Running(ジュピター~栄光の輝き)
原曲は英国の作曲家、グスターヴ・ホルスト(1874-1934)の組曲『惑星』の第4曲『ジュピター(木星)』で、2007年の世界陸上大阪大会で歌われた曲です。日本では平原綾香の歌ですっかり有名になりました。私としては、ジュピターと言えばホルストよりモーツァルトなのですが。
サラ・ブライトマンは1991年の紅白に出場して以来、日本との関りも深いです。CMや番組の主題歌としても多く取り上げられていますが、この曲は2009年から3年にわたって放送されたNHKのスペシャルドラマ『坂の上の雲』の主題歌です。

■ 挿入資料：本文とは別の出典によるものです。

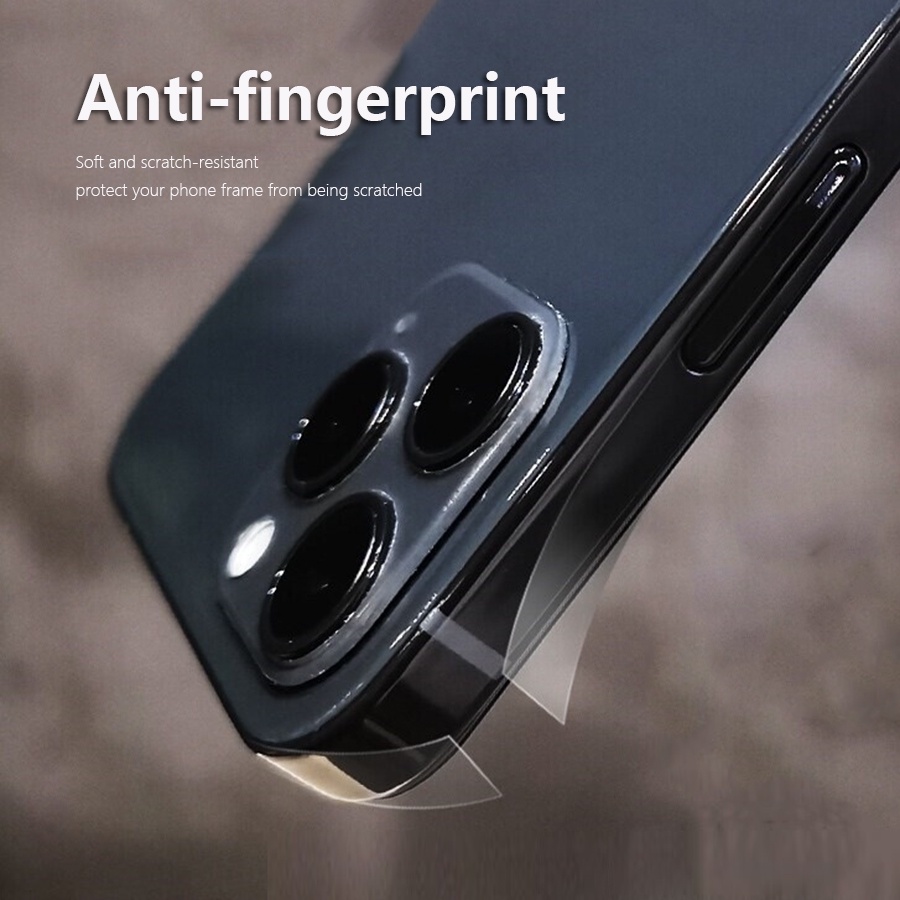 2 Set Miếng PPF dán viền bảo vệ cho iPhone 15 14 13 12 Pro Max Mini / 15 14 Plus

3部に分かれ、それぞれ違う歌手が歌いましたが、第1部はサラが担当しました。司馬遼太郎の明治礼賛には賛否両論ありますが、近代国家として独り立ちを始めた日本を讃える歌です。私には、JALが着陸したときの音楽、として刷り込まれてしまいました。
久石譲:風のとおり道
ジブリ作品は、一連のブロードウェイ・ミュージカルにも劣らない、世界に誇る芸術作品だと思いますが、音楽を多く担当した久石譲は日本のウェバーともいうべき存在です。サラ・ブライトマンは『となりのトトロ』のこの曲に、なんと日本語で歌っています。
日本のこうした名曲も、何百年も伝わって、クラシック、すなわち古典(後世の模範となるべきもの)となっていくのだ、ということを実感させてくれます。
今回もお読みいただき、ありがとうございました。